In their 50 years together The Rolling Stones have never performed at the Grammys, but this year Mick Jagger will take center stage (for a change) in a tribute to influential soul singer Solomon Burke. A tribute to soul queen Aretha Franklin, just announced on Wednesday, will feature a bevy of golden-piped songstresses, including Christina Aguilera, Jennifer Hudson, Martina McBride, Yolanda Adams and Florence Welch.
Another late-announced performer is Barbra Streisand, who rarely performs publicly. She's a nominee this year (Best Traditional Pop Vocal Album), but this really fits in the special appearance category, given her habit of shunning the stage.
The strangest juxtaposition of the night may be Cee-Lo Green, who is collaborating with actress Gwyneth Paltrow and an as-yet-unidentified chorus of Muppets. (Expect a potentially hilarious spin on Cee-Loís naughty-word hit).
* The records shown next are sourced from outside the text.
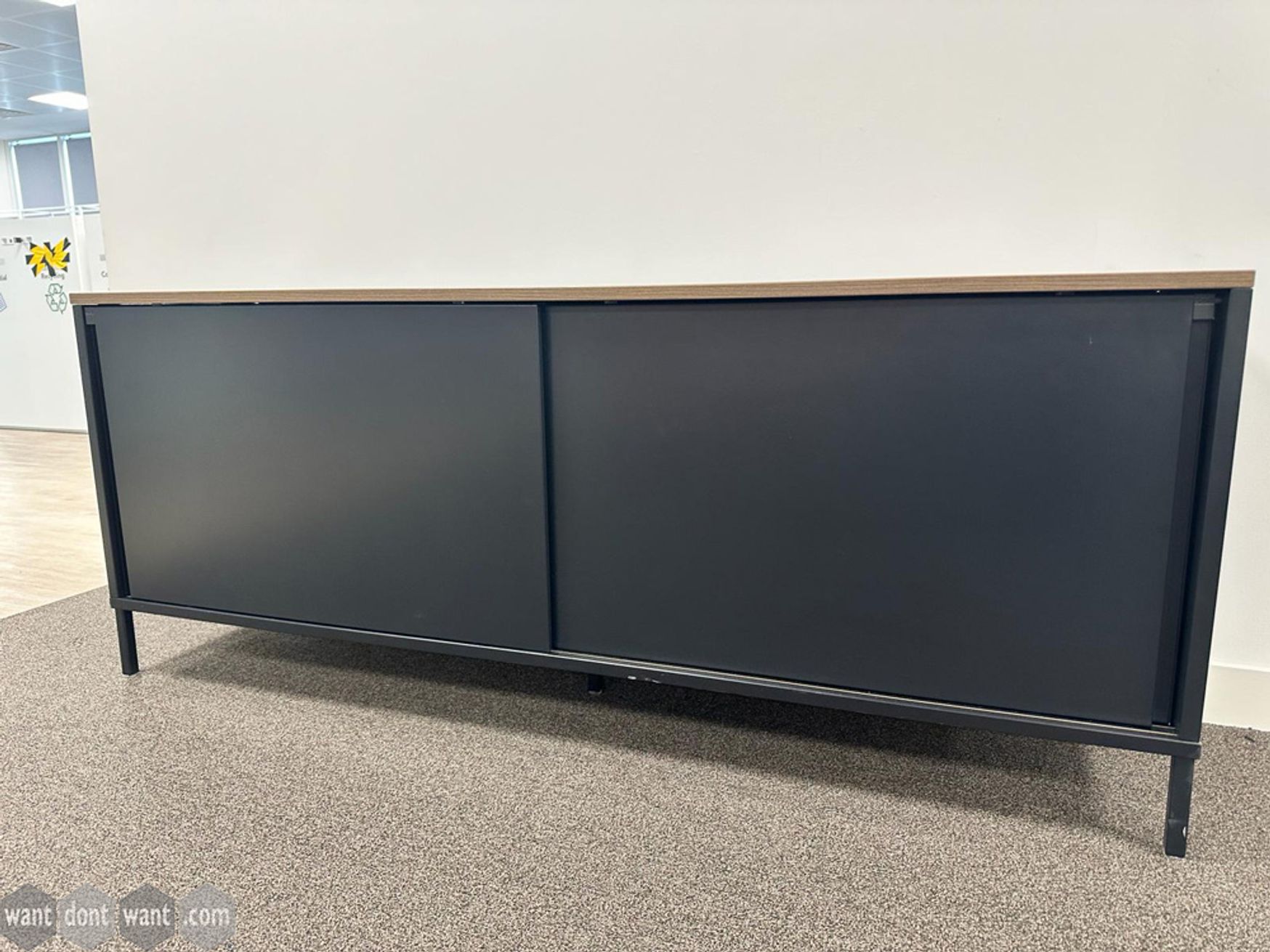 Used Knoll black credenzas with walnut tops, sliding doors and 2 shelf levels.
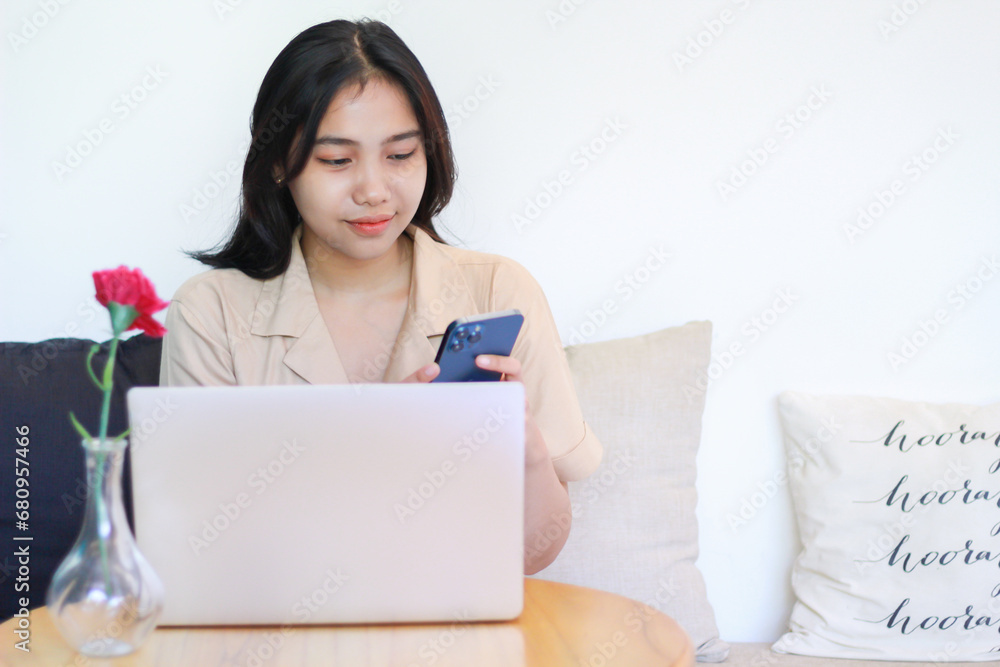 happy asian woman sitting on cozy sofa using smartphone with laptop on wooden table wearing fashionable clothes, female online business owner working at home happy asian woman sitting on cozy sofa using smartphone with laptop on wooden table wearing fashionable clothes, female online business owner working at home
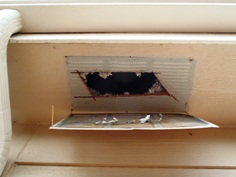 Image of another soffit vent with a very small hole cut.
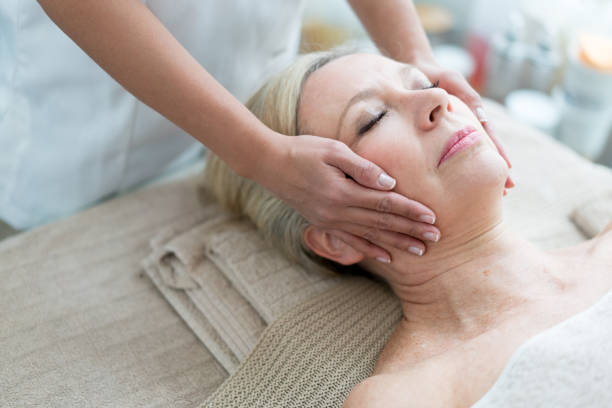 istock Woman getting a facial at the spa 695686094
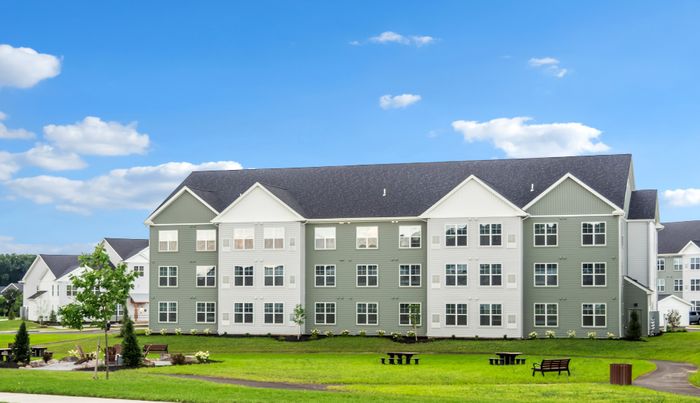 Charming green and white apartment building with modern architecture, surrounded by lush green lawns and scenic picnic areas under a clear blue sky.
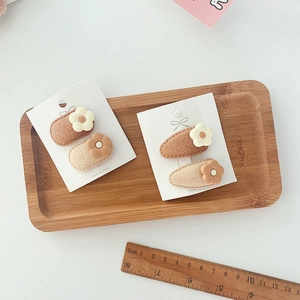 Detail of floral drop BB hair clips for kids on card, cream and brown felt finish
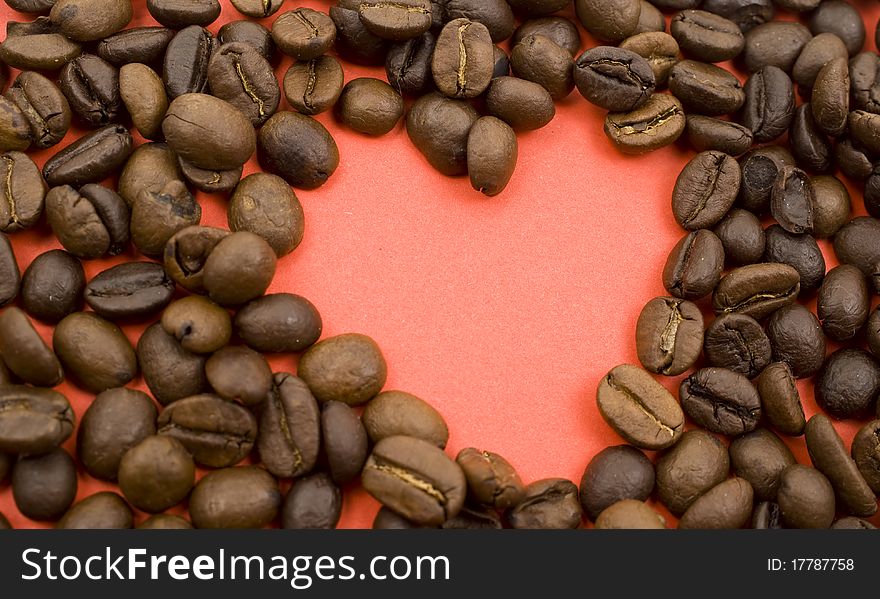 Creative photo of coffee beans making up form of heart of red color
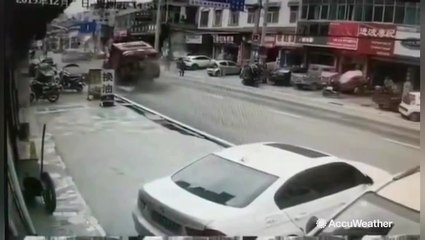Sinkhole opens up in middle of road, swallowing truck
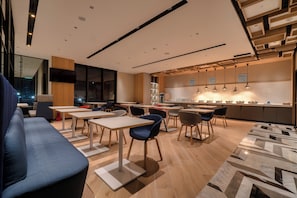A modern dining area with tables and chairs, a kitchen counter, and a seating area with a sofa. - Holiday Inn Express Chiayi by IHG (Chiayi City)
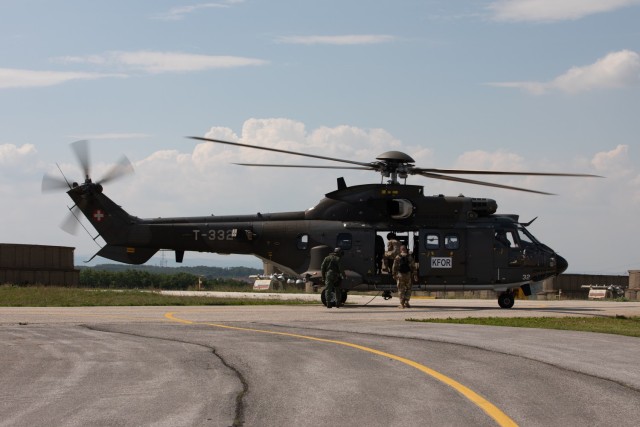 U.S., Hungarian and Swiss aviation forces assigned to the NATO-led Kosovo Force mission, also known as KFOR, conduct an international partner multi-ship familiarization flight, or IPMFF, around Camp Bondsteel, Kosovo, May 12, 2025. The U.S. troops...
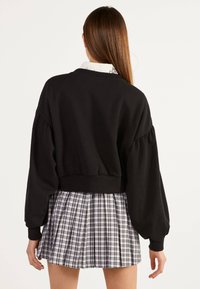Giovane donna con lunghi capelli castani indossa un maglione nero corto e una gonna plissettata bianca e nera a quadri, vista da dietro.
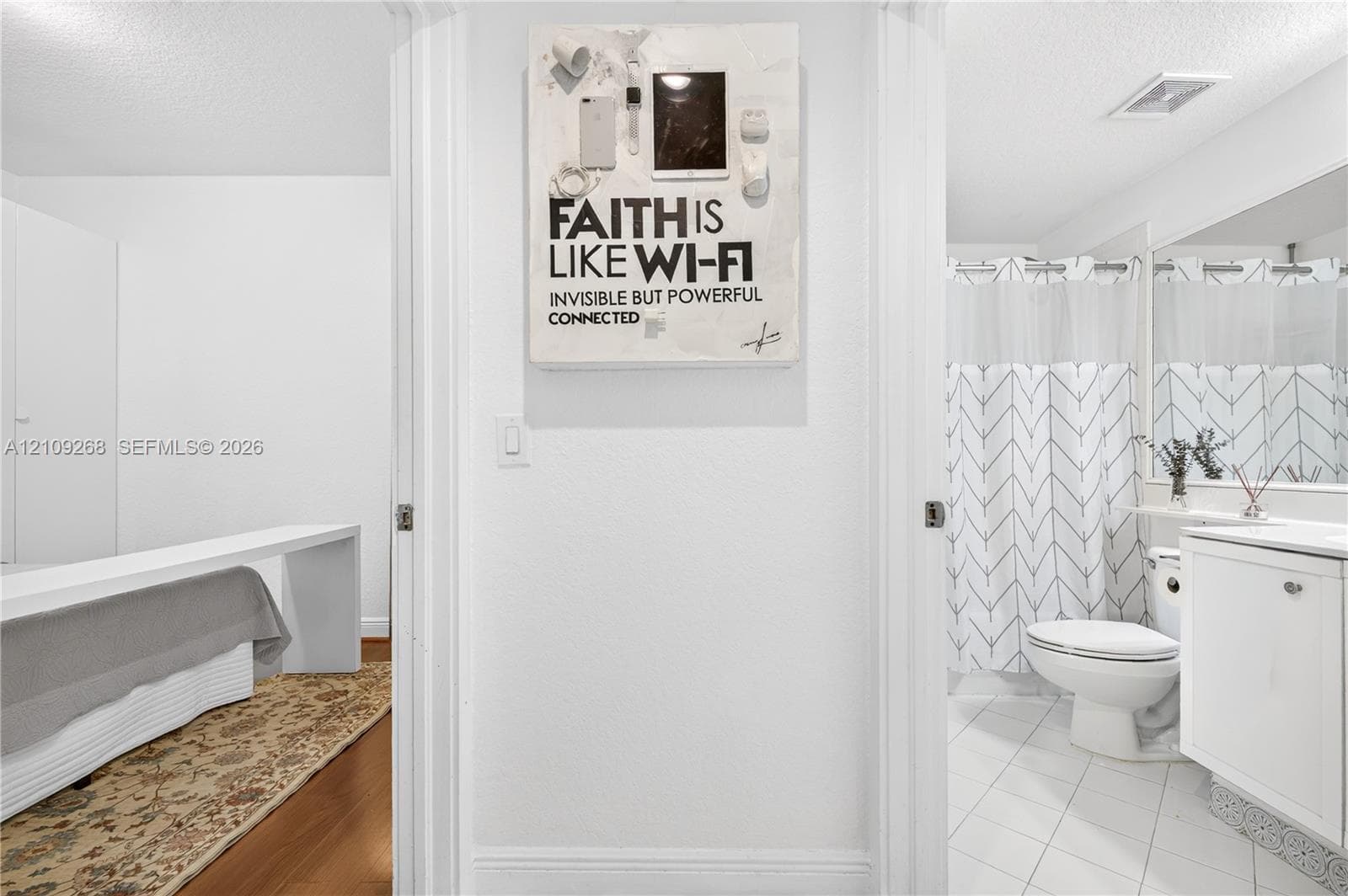 Bathroom featuring a white vanity cabinet, ceramic tile flooring, and a shower-tub combination with a wall-mounted mirror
Other nominees slated to perform include Eminem, Drake and Rihanna (nominated separately but performing together), Katy Perry, Arcade Fire, and Miranda Lambert, the latter two making their live Grammy debuts.
If the annual Grammy broadcast is shifting toward an all-star concert spiced with the occasional award presentation, it may make for a slicker package but it eradicates the pleasure of seeing the genuine thrill experienced by winners of lesser-profile awards and the chance for the unexpected. Yet, there is no other time you'll see Eminem, Mick Jagger, Barbra Streisand and the Muppets on the same stage in rapid succession. It may make for a less-than-satisfying awards presentation, but it's a heck of a circus.